◆ Provided material:
++++++++++
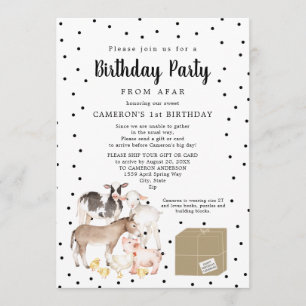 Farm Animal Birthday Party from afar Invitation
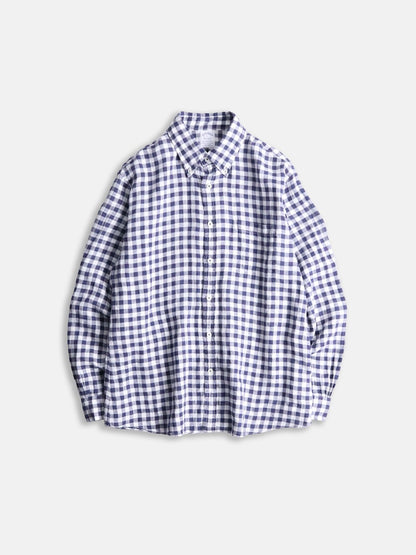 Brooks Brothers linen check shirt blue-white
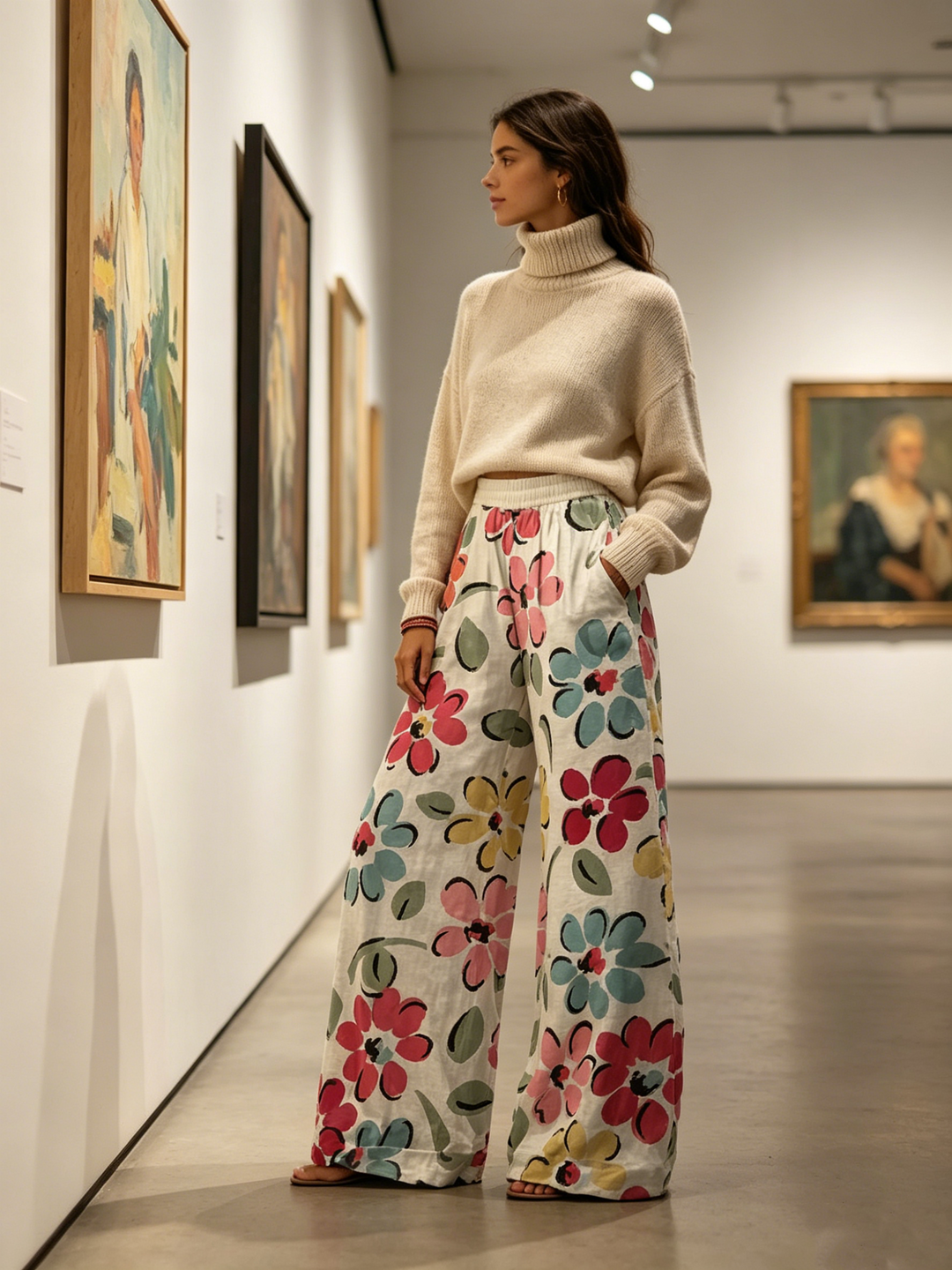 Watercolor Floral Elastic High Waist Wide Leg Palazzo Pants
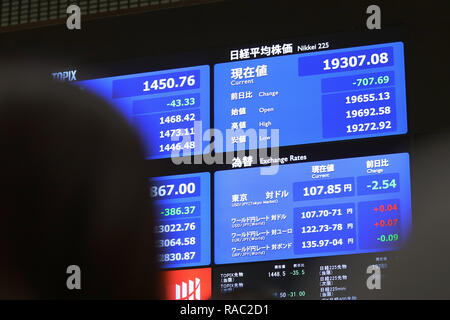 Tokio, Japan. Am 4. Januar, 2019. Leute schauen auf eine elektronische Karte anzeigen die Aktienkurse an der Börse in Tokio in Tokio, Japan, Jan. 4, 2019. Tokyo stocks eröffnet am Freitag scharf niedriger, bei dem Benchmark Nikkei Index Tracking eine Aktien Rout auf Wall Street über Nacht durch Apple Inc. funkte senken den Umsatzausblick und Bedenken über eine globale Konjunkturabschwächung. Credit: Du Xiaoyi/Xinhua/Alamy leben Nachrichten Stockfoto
++++++++++
◆ Aim of the task: Every line above should be copied exactly, apart from any pictures.

◆ Result below:
 Farm Animal Birthday Party from afar Invitation
 Brooks Brothers linen check shirt blue-white
 Watercolor Floral Elastic High Waist Wide Leg Palazzo Pants
 Tokio, Japan. Am 4. Januar, 2019. Leute schauen auf eine elektronische Karte anzeigen die Aktienkurse an der Börse in Tokio in Tokio, Japan, Jan. 4, 2019. Tokyo stocks eröffnet am Freitag scharf niedriger, bei dem Benchmark Nikkei Index Tracking eine Aktien Rout auf Wall Street über Nacht durch Apple Inc. funkte senken den Umsatzausblick und Bedenken über eine globale Konjunkturabschwächung. Credit: Du Xiaoyi/Xinhua/Alamy leben Nachrichten Stockfoto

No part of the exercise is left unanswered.